The terms heteroflexible and homoflexible are mainly applied to bi-curious people, though some authors distinguish heteroflexibility and homoflexibility as lacking the "wish to experiment with sexuality" implied by the bi-curious label. It is important when discussing this continuum to conclude that bisexuality is distinct from heterosexuality and homosexuality rather than simply an extension of said sexualities like the labels heteroflexibility and homoflexibility would imply, due to the prominent erasure and assimilation of bisexuality into other identity groups. To sum it up, the difference between bisexual and bicurious is that bisexual people know that they are sexually attracted to both genders based on personal experience. Bicurious people are still maneuvering their way through their sexuality.
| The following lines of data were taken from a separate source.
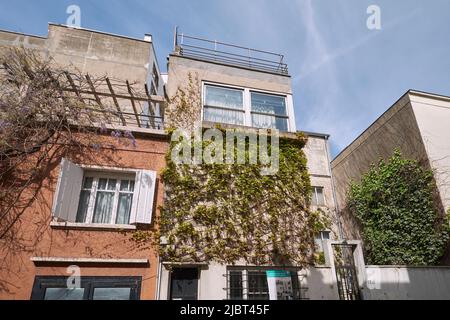 France, Paris, villa Seurat, city of artists, studio of Jean Lurcat built in 1925 by his brother the architect Andre Lurcat Stock Photo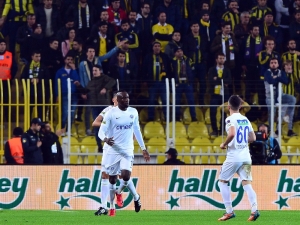 Spor Toto Süper Lig: Fenerbahçe: 2 - Kasımpaşa: 1 (İlk Yarı)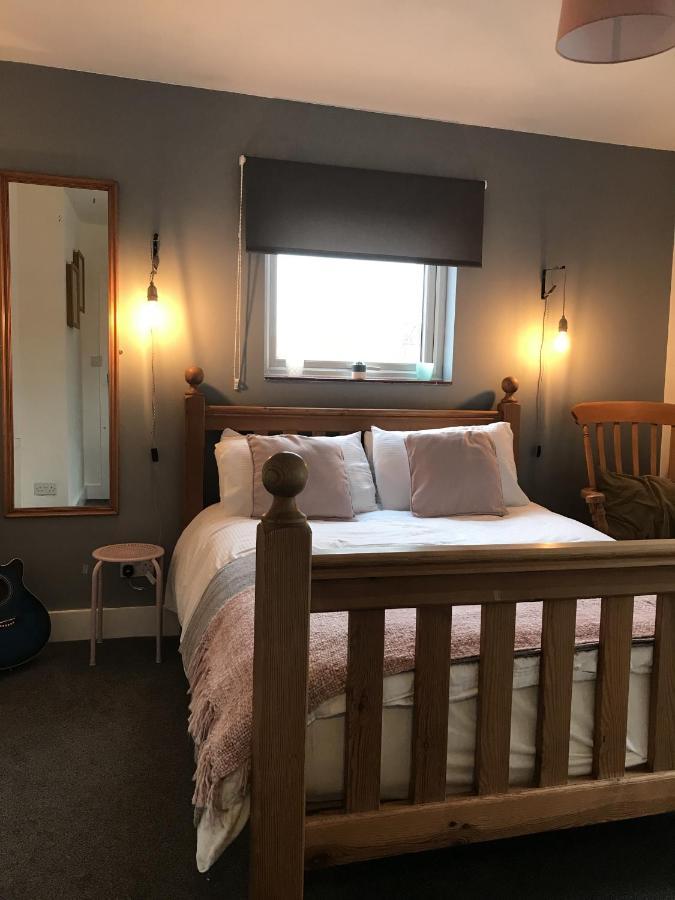 Stoneleigh Bed and Breakfast Felixstowe Exteriör bild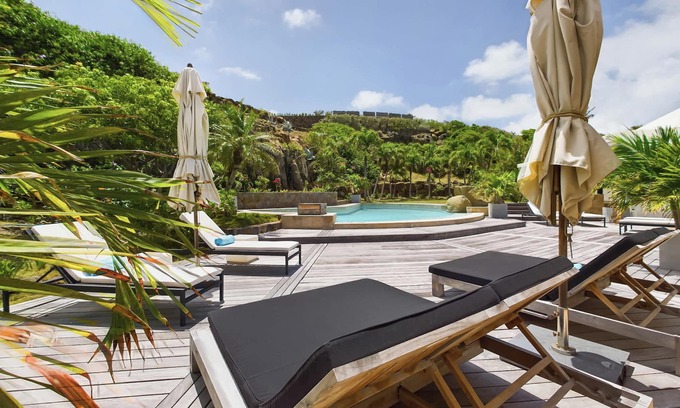 Mont Jean Villa | Arrowmarine in Montjean by Personal Villas - Elegant Decor and Great Ocean Views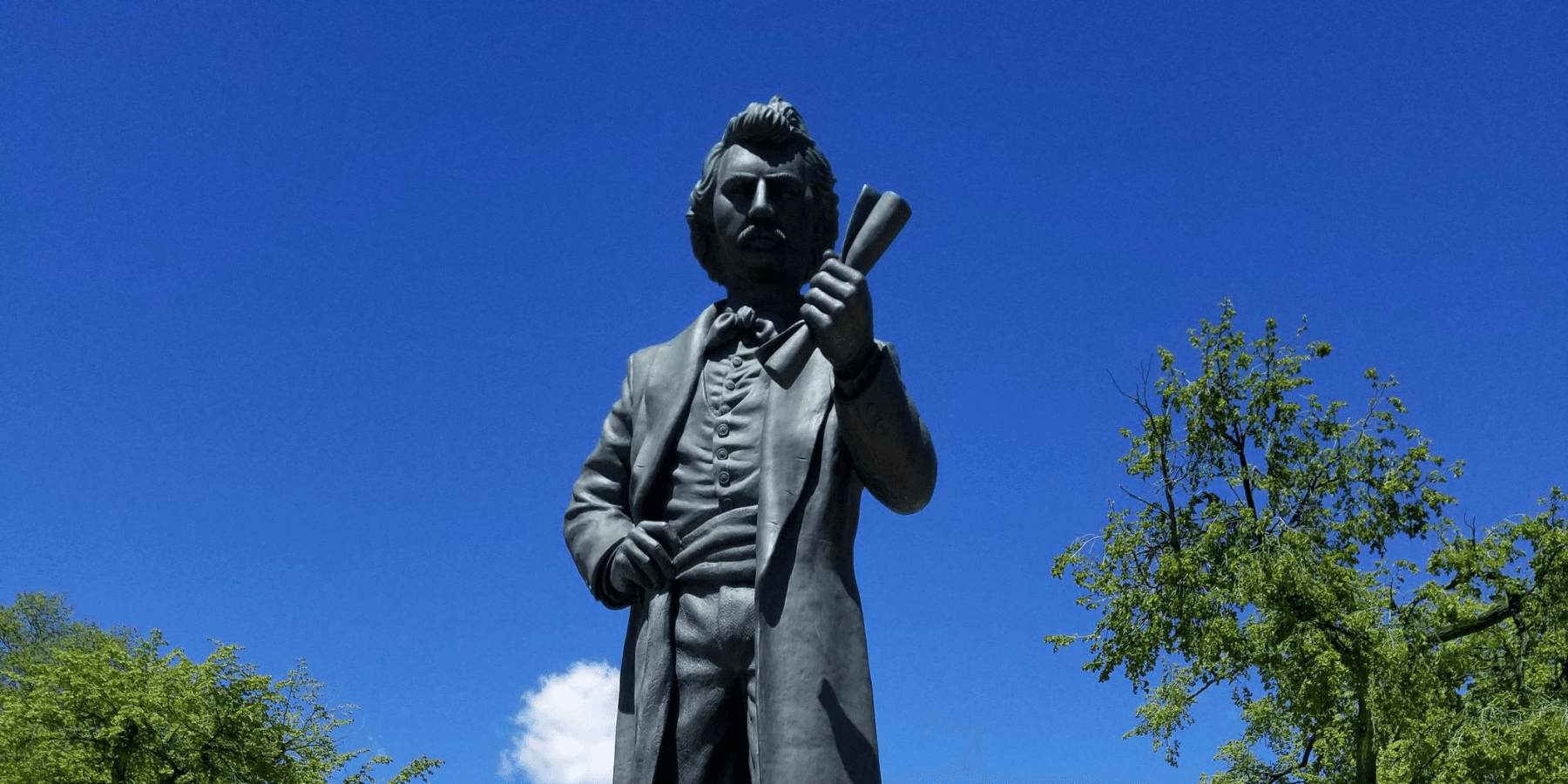Cultural Walking Tour of Winnipeg with Friends of Dalnavert Museum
Bi-curious is not to be confused with forms of sexual fluidity, defined as a "capacity for situation-dependent flexibility in sexual responsiveness," as bi-curious implies the existence of one set sexuality for the individual who carries the label, even if it is currently unknown, rather than an acknowledgment that the individual's sexual preference has changed and will continue to change that comes with sexual fluidity.

== Bi-curiosity and other non-monosexual identities ==
Standard theories of bi-sexuality make use of the term bisexual umbrella to encompass multiple other non-monosexual identities (sexual identities that allow for multiple gender identity possibilities in partners) that are possible outcomes of exploration for bi-curious people. However, similar on the surface, bisexuality and the subsequent elements of its umbrella are distinct, thus leading to the possibility that a currently bi-curious person may end up as neither bisexual, homosexual, or heterosexual, but another non-monosexual identity altogether. This umbrella can be better broken into further sexual identities, with bisexuality normally including two groups that encompass attraction to the persons own gender and other genders (which will usually include non-binary gender identities too). At the same time, pansexuality includes attraction to an individual regardless of what gender identity they label themselves. The relevance to a bi-curious person is at what range does their exploration end.

== Etymology ==
The term started becoming popular after 1984, according to Merriam-Webster, but The New Partridge Dictionary of Slang and Unconventional English and Oxford Dictionaries' Lexico claim that the term was coined in 1990. According to Dictionary.com, the term was first used between 1980 and 1985.